The tremor with a magnitude of 1.5 was measured by the British Geological Survey at Cuadrilla's fracking site near Blackpool, Lancashire, earlier.
Cuadrilla said fracking had stopped but according to research the impact would have been "like dropping a melon".
A 1.5 tremor - known as a "red" event under the government's traffic light system in place for monitoring seismic events during fracking - results in a temporary halt to operations.
Any tremor measuring 0.5 or above means fracking must be temporarily stopped while tests are carried out.
Cuadrilla said it happened at about 11:20 GMT and followed a series of nine other seismic events at the Preston New Road site during Tuesday morning.
The energy firm said it would pause and monitor micro seismicity for the next 18 hours in line with regulations, adding the integrity of the well had been "checked and verified".
Cath Middleton, who lives 1.6 miles from the site, said her house shook and she heard a "very loud bang".
"To compare this to dropping a melon is ridiculous. My neighbour's chair shook."
What is fracking?
- Hydraulic fracturing, or fracking, is a technique to extract gas and oil from the earth
- Liquid is pumped underground at high pressure to fracture shale rock and release gas or oil within
- Applications have also been submitted by various firms in Yorkshire, Nottinghamshire and for a second site in Lancashire
- The Department for Business, Energy & Industrial Strategy says shale gas "has the potential to be a new domestic energy source"
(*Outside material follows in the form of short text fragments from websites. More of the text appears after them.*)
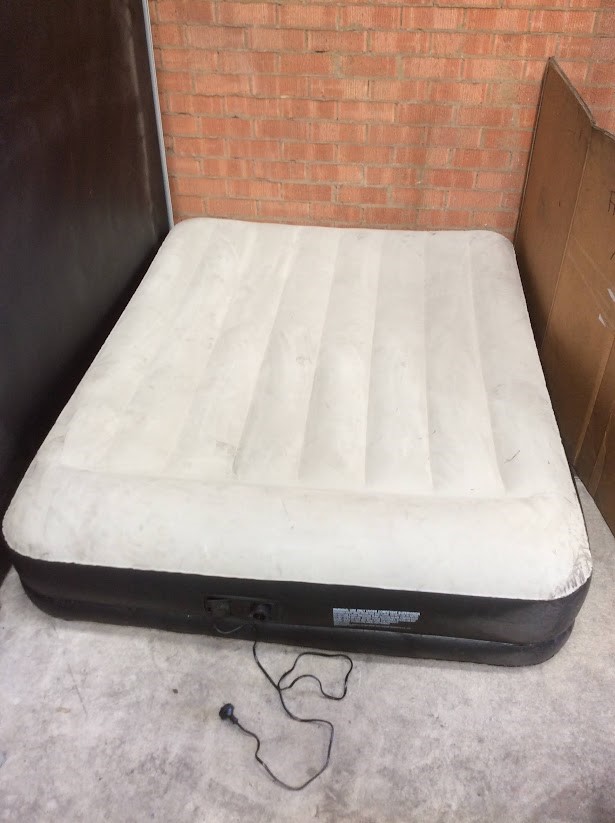Unknown Brand Air Mattress with a Built-in Electric Pump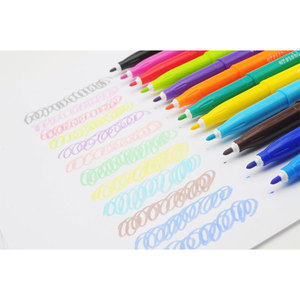Ensemble de stylos marqueurs effaçables à la chaleur non toxiques pour le <span class=keywords><strong>dessin</strong></span> et le gribouillage, fourni <span class=keywords><strong>par</strong></span> l'usine - Product Image 5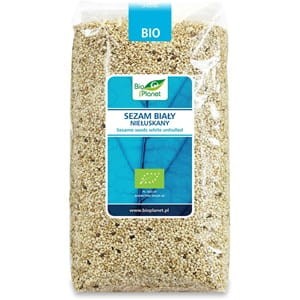 Sezam biały niełuskany BIO, Bio Planet 1kg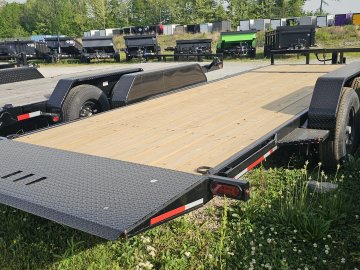 83"x20' Caliber Tilt Trailers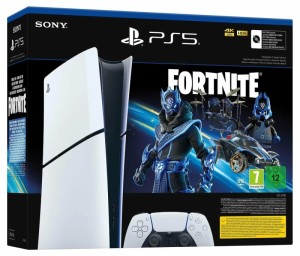 Игровая приставка Sony PlayStation 5 Slim Digital Fortnite Cobalt Star Bundle 1 Тб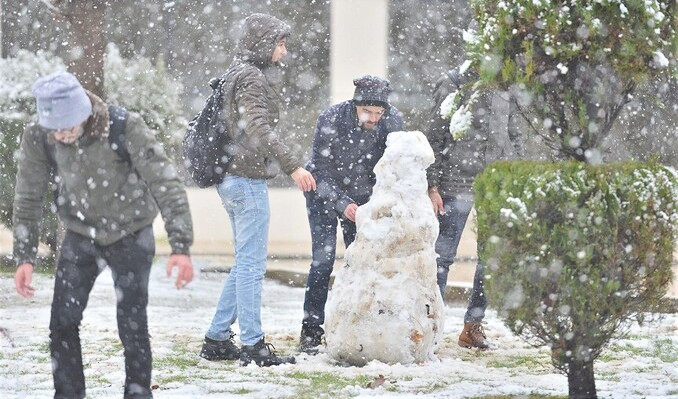 Meteorolojiden kar uyarısı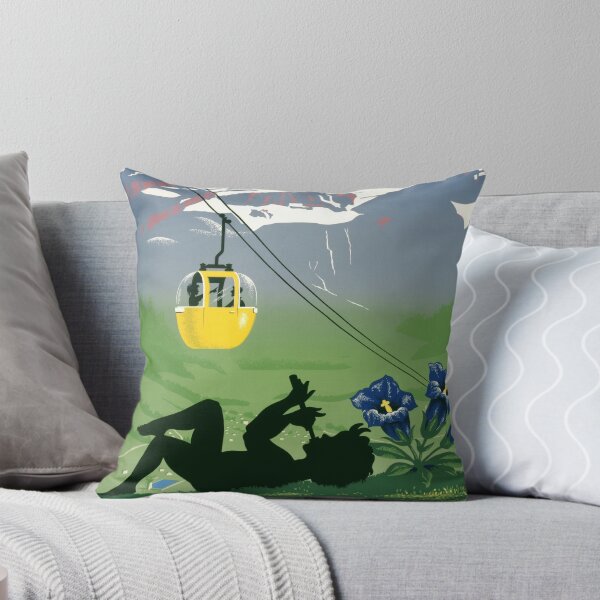 Item preview, Les Diablerets, Vaud, Switzerland,Travel Poster designed and sold by BokeeLee.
A Friends of the Earth campaigner called for an end to fracking which he claimed poses risks to the climate and environment.
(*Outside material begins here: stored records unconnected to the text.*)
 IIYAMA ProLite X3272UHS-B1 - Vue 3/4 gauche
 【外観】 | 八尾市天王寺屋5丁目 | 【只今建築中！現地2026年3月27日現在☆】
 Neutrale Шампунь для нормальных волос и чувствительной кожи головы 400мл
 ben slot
He said: "Within a day of Cuadrilla re-starting fracking in Lancashire there has already been another earthquake.
"Instead of acknowledging fracking needs to end, Cuadrilla are instead urging for regulations around earthquakes to be relaxed."
A report commissioned by the government by Dr Ben Edwards of the University of Liverpool last month compared earthquake magnitudes caused by fracking with everyday events, such as bouncing a football and dropping a melon.
Little Plumpton is the first UK shale fracking site since the process was halted in 2011 when it was linked with earthquakes.